DIRECTIONS FOR THIS TASK
From the first line to the last, repeat the data exactly but leave out the pictures.

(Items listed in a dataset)
--- START ---
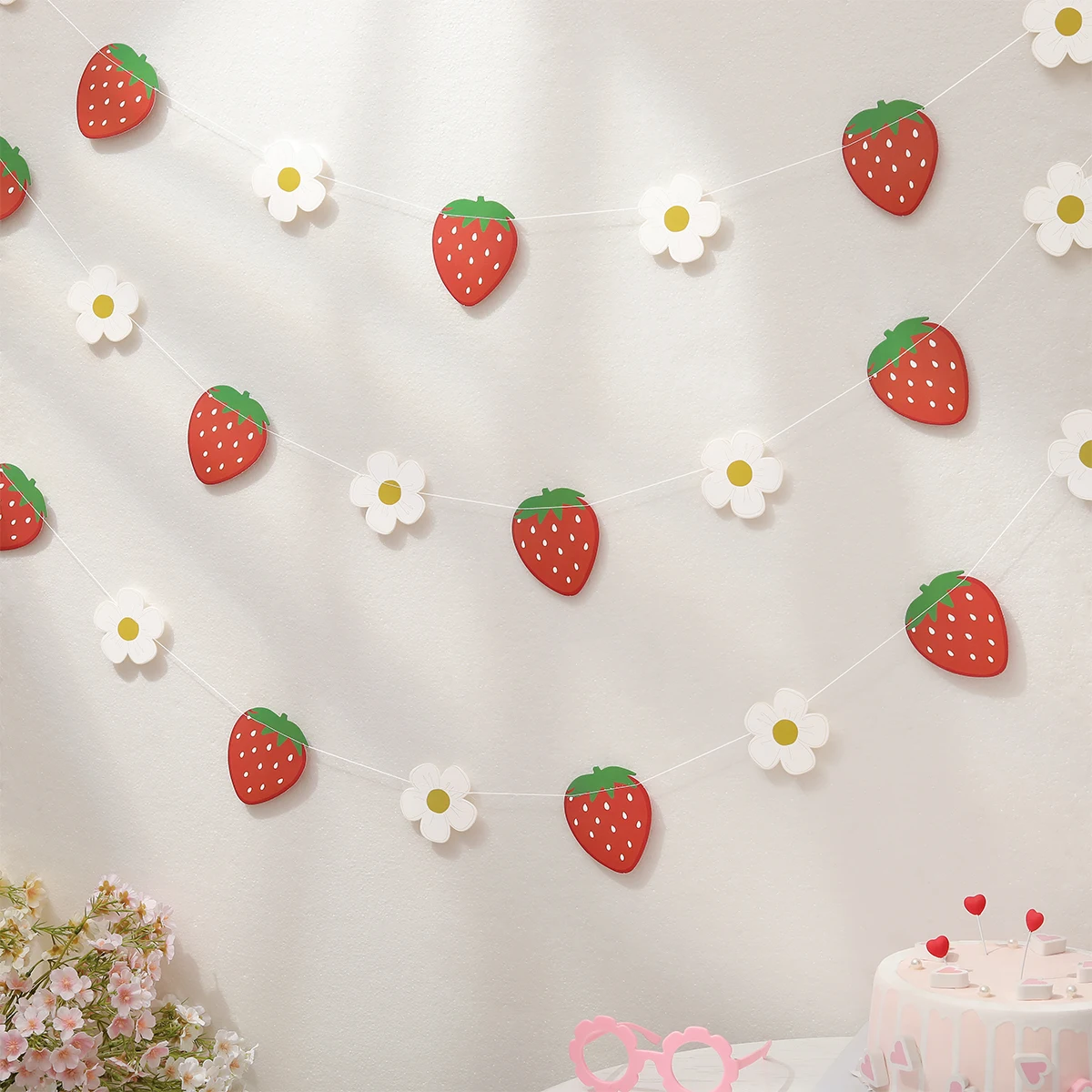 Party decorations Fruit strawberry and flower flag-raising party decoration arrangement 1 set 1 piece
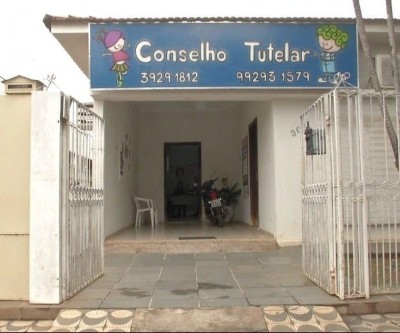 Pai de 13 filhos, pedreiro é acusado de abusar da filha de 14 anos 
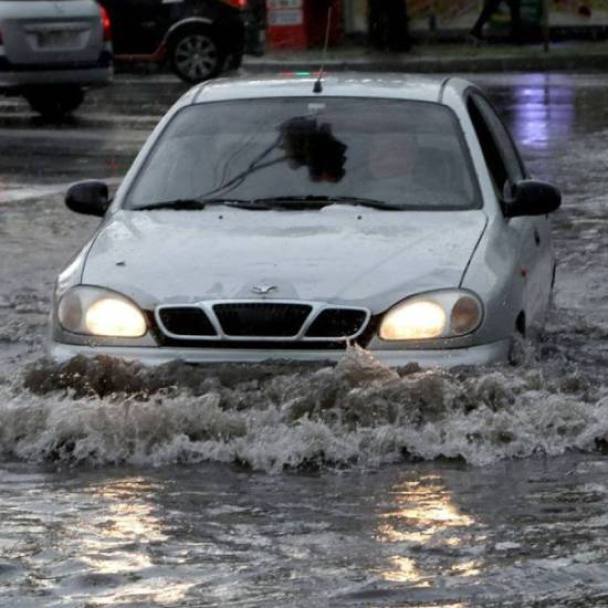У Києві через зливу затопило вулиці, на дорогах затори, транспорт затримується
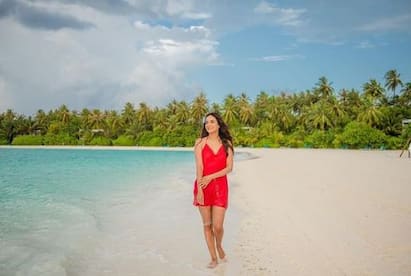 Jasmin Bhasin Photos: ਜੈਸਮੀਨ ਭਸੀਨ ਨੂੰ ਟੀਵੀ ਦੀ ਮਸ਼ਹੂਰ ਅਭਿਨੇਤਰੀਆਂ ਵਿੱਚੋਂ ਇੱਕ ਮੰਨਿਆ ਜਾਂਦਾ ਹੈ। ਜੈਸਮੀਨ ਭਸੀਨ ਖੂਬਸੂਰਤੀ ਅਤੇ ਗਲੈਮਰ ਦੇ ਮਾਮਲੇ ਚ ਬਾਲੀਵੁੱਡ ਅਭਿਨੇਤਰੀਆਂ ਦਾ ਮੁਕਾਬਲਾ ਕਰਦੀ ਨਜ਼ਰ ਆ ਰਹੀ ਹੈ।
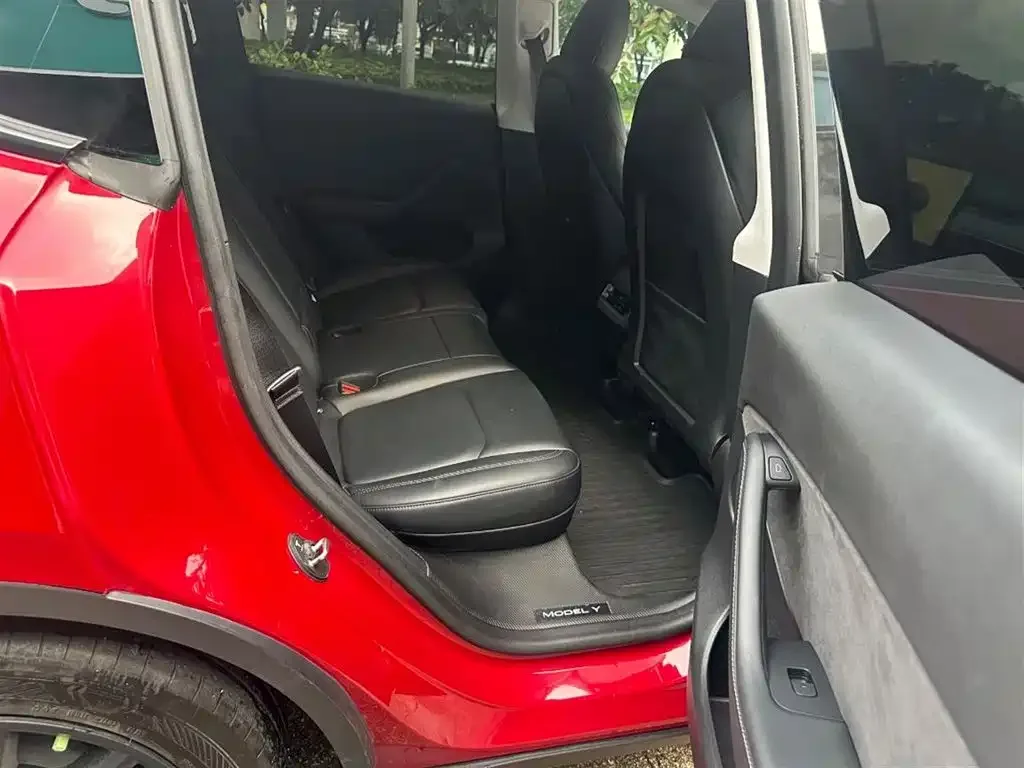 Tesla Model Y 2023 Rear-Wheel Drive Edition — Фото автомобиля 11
--- END ---
YOUR SOLUTION
 Party decorations Fruit strawberry and flower flag-raising party decoration arrangement 1 set 1 piece
 Pai de 13 filhos, pedreiro é acusado de abusar da filha de 14 anos 
У Києві через зливу затопило вулиці, на дорогах затори, транспорт затримується
 Jasmin Bhasin Photos: ਜੈਸਮੀਨ ਭਸੀਨ ਨੂੰ ਟੀਵੀ ਦੀ ਮਸ਼ਹੂਰ ਅਭਿਨੇਤਰੀਆਂ ਵਿੱਚੋਂ ਇੱਕ ਮੰਨਿਆ ਜਾਂਦਾ ਹੈ। ਜੈਸਮੀਨ ਭਸੀਨ ਖੂਬਸੂਰਤੀ ਅਤੇ ਗਲੈਮਰ ਦੇ ਮਾਮਲੇ ਚ ਬਾਲੀਵੁੱਡ ਅਭਿਨੇਤਰੀਆਂ ਦਾ ਮੁਕਾਬਲਾ ਕਰਦੀ ਨਜ਼ਰ ਆ ਰਹੀ ਹੈ।
 Tesla Model Y 2023 Rear-Wheel Drive Edition — Фото автомобиля 11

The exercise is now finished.